Single by Mariah Carey featuring Anderson .Paak

from the album Here for It All
- Released: September 26, 2025
- Studio: Conway (Los Angeles, CA); Honey Snow (Aspen, CO);
- Genre: R&B
- Length: 3:44
- Label: Gamma
- Songwriters: Mariah Carey; Brandon Paak Anderson; Daniel Moore II; Jarius Mozee; Jason Pounds; Kenya Rae Johnson;
- Producers: Mariah Carey; N.W.I.; Daniel Moore II;

Mariah Carey singles chronology
| "Sugar Sweet" (2025) | "Play This Song" (2025) | "Nothing Is Impossible" (2026) |

Anderson .Paak singles chronology
| "Too Bad" (2025) | "Play This Song" (2025) |  |

Music video
- "Play This Song" on YouTube

= Play This Song =

2025 single by Mariah Carey featuring Anderson .Paak

"Play This Song" is a song by American singer-songwriter Mariah Carey featuring fellow American singer-songwriter Anderson .Paak. It was released on September 26, 2025, as the third single from Carey's sixteenth studio album, Here for It All (2025), through her own imprint, Mariah, and the media company Gamma. Written in collaboration between Carey and Paak, the song also has Daniel Moore II, Jarius Mozee, Jason Pounds and Kenya Rae Johnson sharing writing credits. Production was handled by Carey, Moore II, Paak, Mozee and Pounds (billed as NWI). Sonically, the song is derived from 70's music and Motown sound, while also being an R&B song.

"Play This Song" has lyrics of a push-and-pull between two estranged lovers with a sour yet subtle message of giving up on someone, while also trying to reigniting the relationship. Most music critics compared the sound to that of musical superduo Silk Sonic, Paak's collaborative work with Bruno Mars, with their chemistry being the object of praise. Commercially, the track became the third top twenty entry from Here for It All on the US Billboard Hot R&B Songs chart, reaching number 11. A music video for the song premiered on September 26, 2025, while both performed the song on The Tonight Show Starring Jimmy Fallon three days later.

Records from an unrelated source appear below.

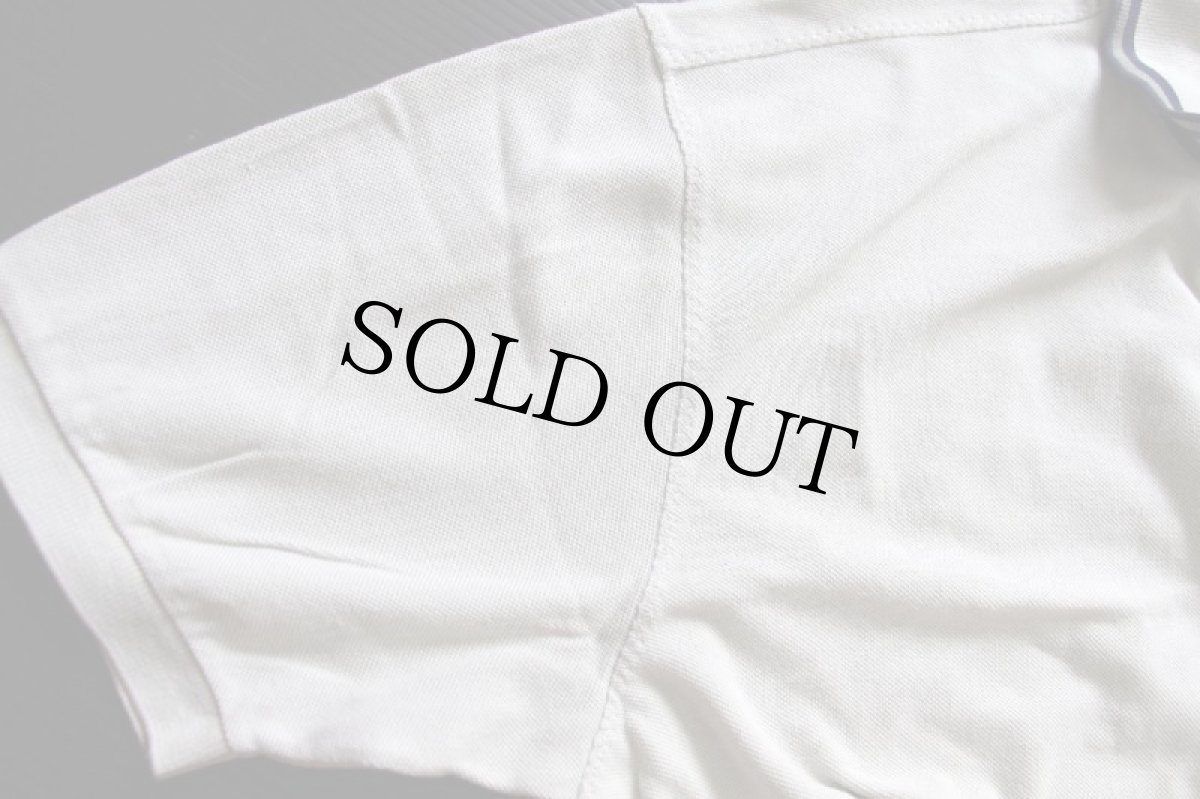 画像6: 80s スペイン製 LACOSTEラコステ ワンポイント スキッパーネック コットン 鹿の子 ポロシャツ グレー 6 (6)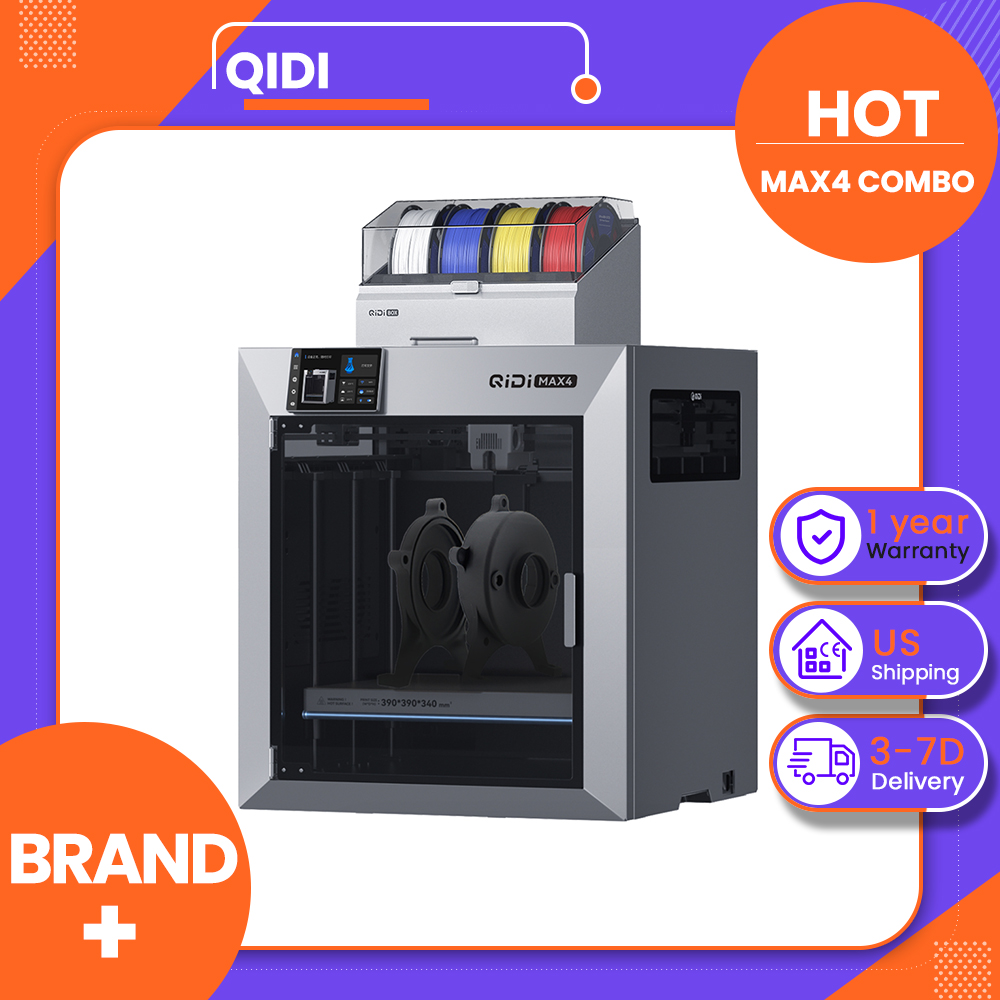 Direct Drive Dual Gear Extruder High Speed - QIDI Max4 Combo 3D Printer, Up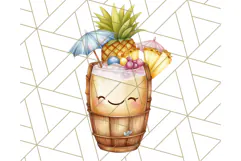 Tropical Tiki Friends PNG Clipart, Cute Summer Art Product Image 5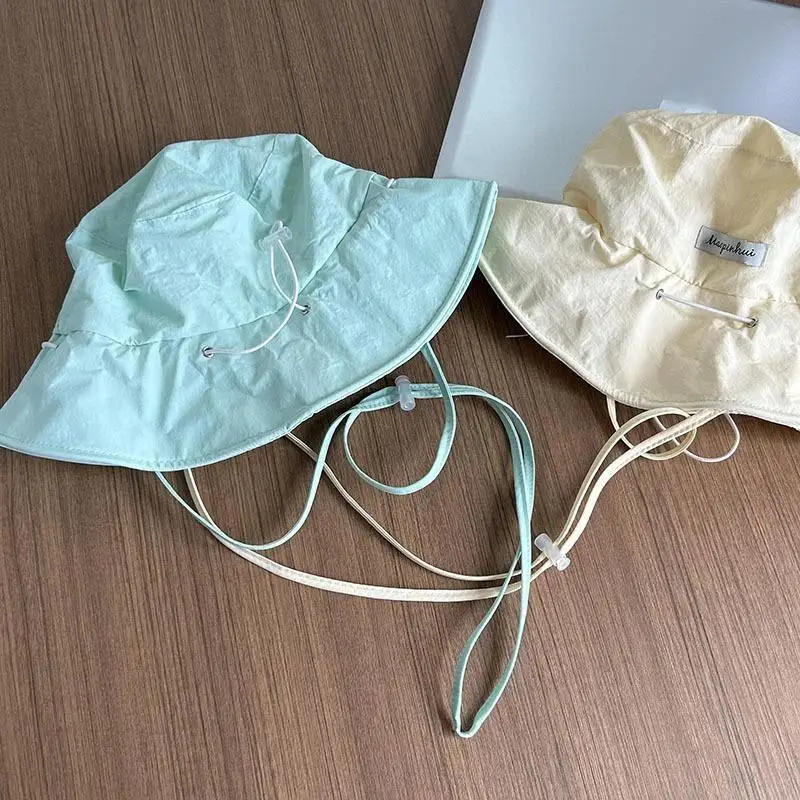 1 Stück Damen-Sommer-Sonnenhut, schnell trocknend, mit breiter Krempe, koreanischer Stil, ideal für Strand und Reisen, vielseitig einsetzbar, mit integrierter Tasche. – Detail 4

==Background and release==
Paak first revealed that he was working on new music with Carey during an interview with Track Star in May 2025, where he wore a Mariah Carey T-shirt from her merch collection, and revealed that he was working on new music with the singer for her upcoming album. Upon Carey revealing the tracklist of Here for It All via social media on August 27, 2025, it was confirmed that Paak would be featured on a track on the album titled "Play This Song". Commenting on the collaboration in September 2025, Carey spoke to Gayle King on CBS Mornings, where she described Paak as "brilliant" and "a really a great artist". As confirmed by Forbes contributor Chris Malone Méndez, the song is "a working relationship birthed out of both her and her son’s love for Silk Sonic."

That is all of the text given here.